It is not always easy, for this series of editorials, to come up with a topic that will be relevant to the readership, and that might make a difference in the world of cancer research and treatment.

One of the interesting — and sometimes arduous — roles that my co-Chief Medical Editor, John Sweetenham, MD, and I have taken on is to review vast numbers of articles prior to publication in HemOnc Today.

Derek Raghavan, MD, PhD, FACP, FRACP, FASCO
Derek Raghavan

This is interesting because we have the chance to learn about real progress at an early stage, and arduous because we sometimes have to try to digest some strange studies that have been presented or published, including those with questionable statistics, and occasionally research that simply does not make sense.

Epidemiology studies

One pet peeve of mine is the amount of potentially pointless research that seems to be emerging in the world of oncology, and more recently in cancer epidemiology.

I have known for years — from my periods of service on study sections of the NIH and other granting organizations — that cancer epidemiology seems generally to be well funded, and grants can sometimes be huge. However, I have not always been sure that adequate return on investment has truly existed in recent times.

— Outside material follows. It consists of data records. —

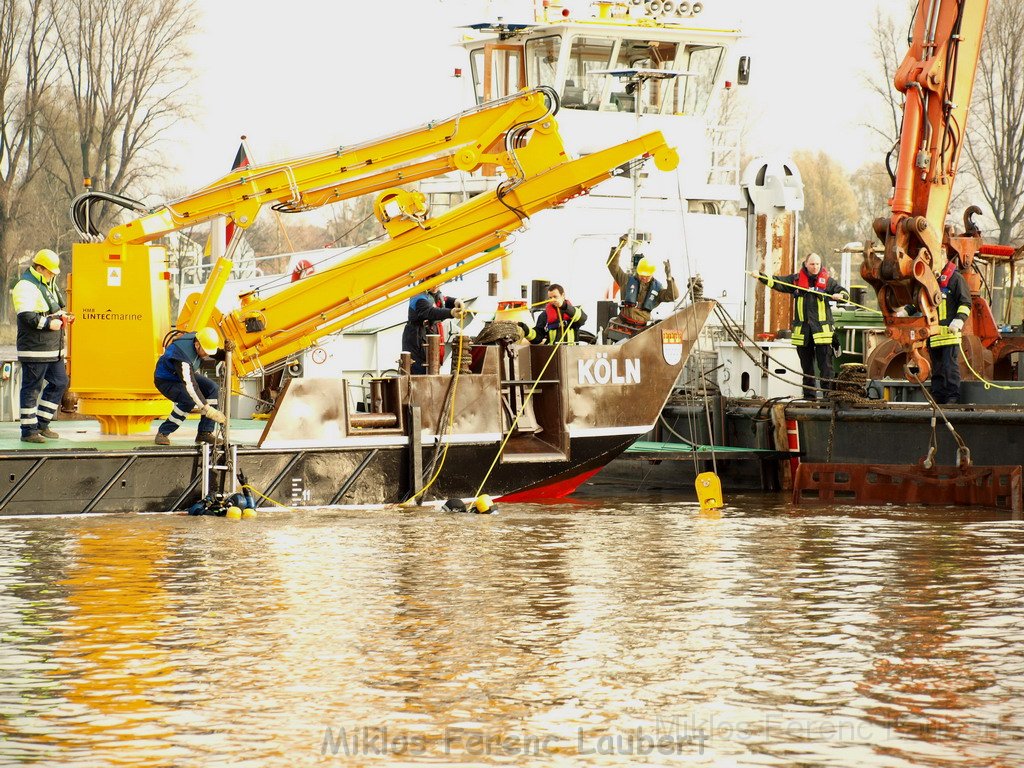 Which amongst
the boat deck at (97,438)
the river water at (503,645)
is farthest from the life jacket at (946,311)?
the boat deck at (97,438)

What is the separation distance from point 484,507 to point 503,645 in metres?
5.32

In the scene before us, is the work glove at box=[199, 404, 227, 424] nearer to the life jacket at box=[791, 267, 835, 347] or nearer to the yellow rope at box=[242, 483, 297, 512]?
the yellow rope at box=[242, 483, 297, 512]

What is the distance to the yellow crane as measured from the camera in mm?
12789

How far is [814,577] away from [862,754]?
12.5ft

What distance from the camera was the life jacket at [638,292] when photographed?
629 inches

In the halcyon days of the past — when luminaries like Sir Richard Doll, Malcolm Pike, PhD, and the late Ron Ross,MD, wrote amazing grants that sought to explain oncological conundrums, to clarify the genesis of cancer and to influence our public health approaches to cancer avoidance — the work was meritorious and truly important, and it generated hallmark publications that changed lifestyles and patterns of care.

That is how we learned about the relationship between asbestos and cancer, smoking and cancer, viruses and genital malignancy, and so many other important topics.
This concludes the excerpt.